Now, in the last part I want to show that $\mathcal{E} = \sigma\mathcal{C}$, but I'm not sure how exactly this is done.
Best Answer
Here's a proof using only the material covered in Çınlar before your exercise. As you showed, $\mathcal{E}$ is a $\sigma$-algebra containing $\mathcal{C}$. It is obviously contained in $\sigma(\mathcal{C})$ : to see that, all we have to say is that $\sigma(\mathcal{C}$ must contain all the countable unions of elements in $\mathcal{C}$, so it contains all the elements of $\mathcal{E}$. Therefore, $\mathcal{E} \subset \sigma (\mathcal{C})$.
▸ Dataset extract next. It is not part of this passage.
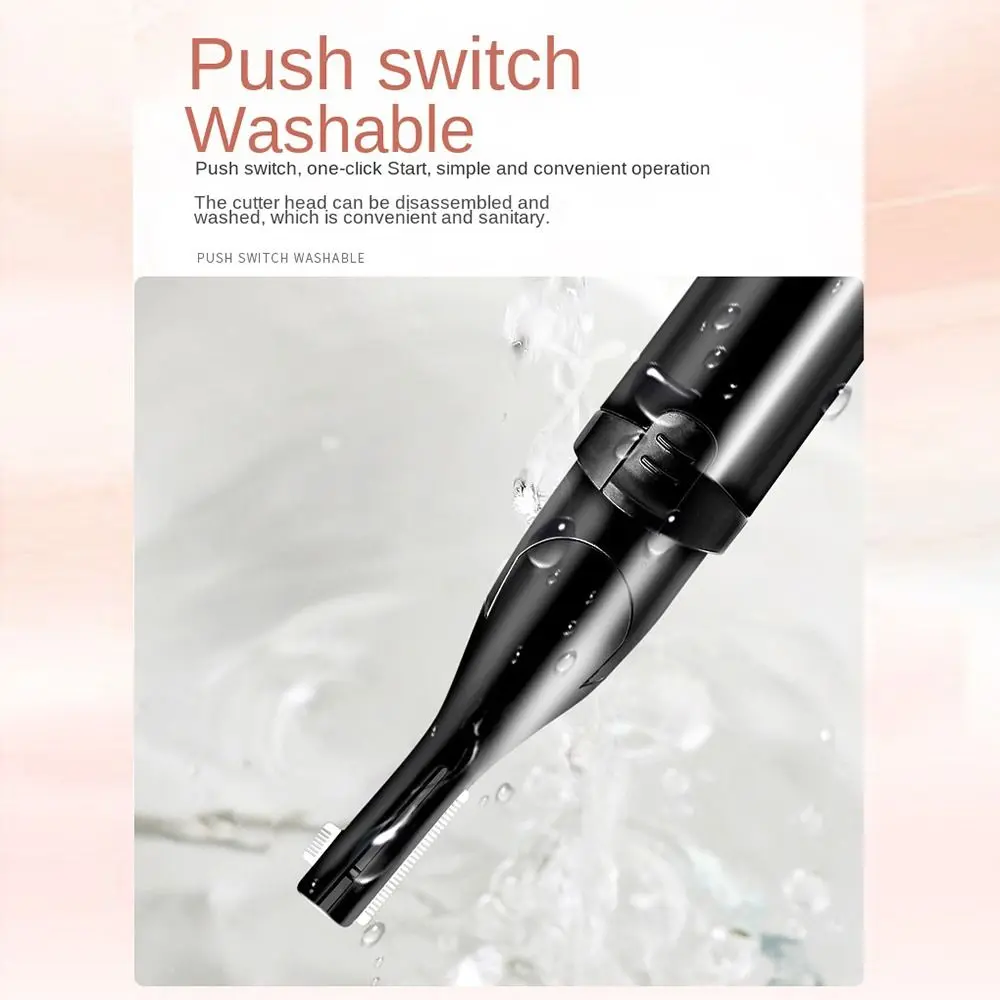 Mini Electric Eyebrow Trimmer Detachable Women Eyebrow Pencil USB Charging Electric Trimmer Washable Automatic Trimmer for Face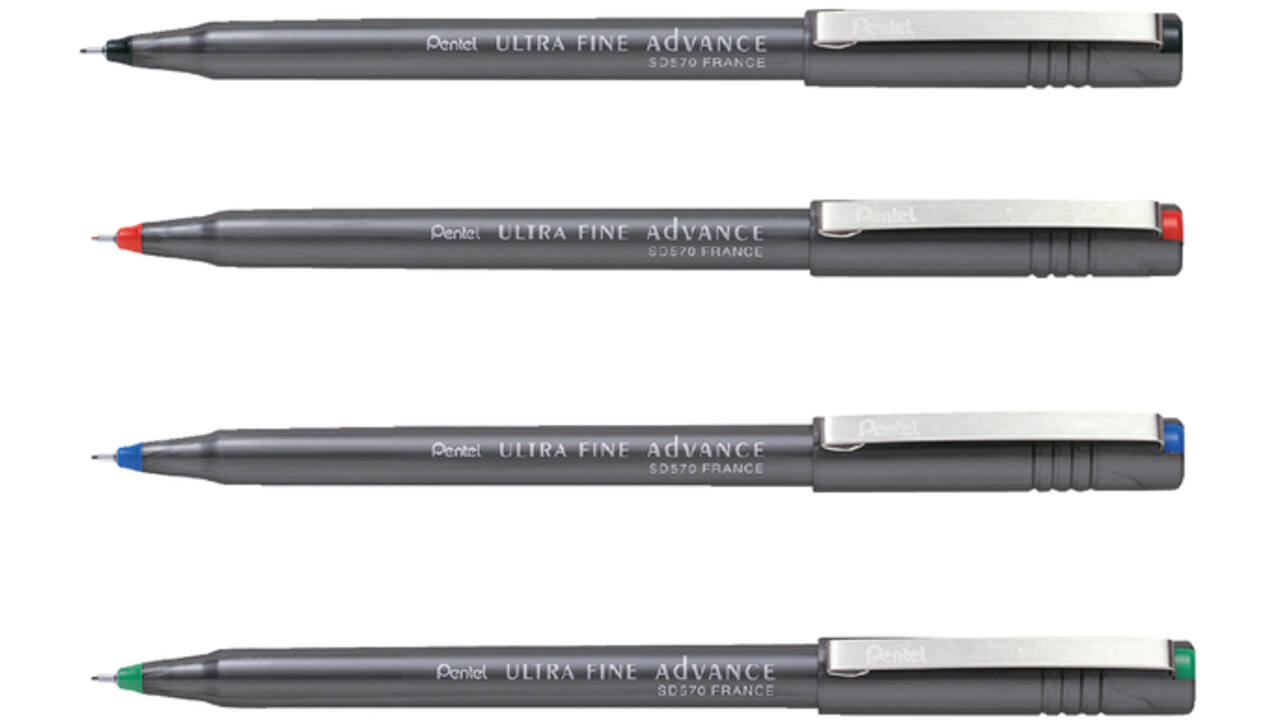 Fineliner Pentel SD570 extra fijn blauw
But, $\sigma(\mathcal{C})$ is defined as the intersection of all the $\sigma$-algebras containing $\mathcal{C}$. Therefore, as $\mathcal{E}$ is a $\sigma$-algebra containing $\mathcal{C}$, it is clear that $\sigma(\mathcal{C})$ is contained in $\mathcal{E}$.
So, $\mathcal{E} = \sigma (\mathcal{C})$.
This kind of reasonning is very very common in measure theory, analysis, probability. Make sure you understand all the things here. It works like this : to prove that two $\sigma$-algebras are equal, you write one as the $\sigma$-algebra generated by a collection, and you show that the other is a $\sigma$-algebra containing this collection and contained in the first one.
Have a nice time with Çınlar's excellent textbook :)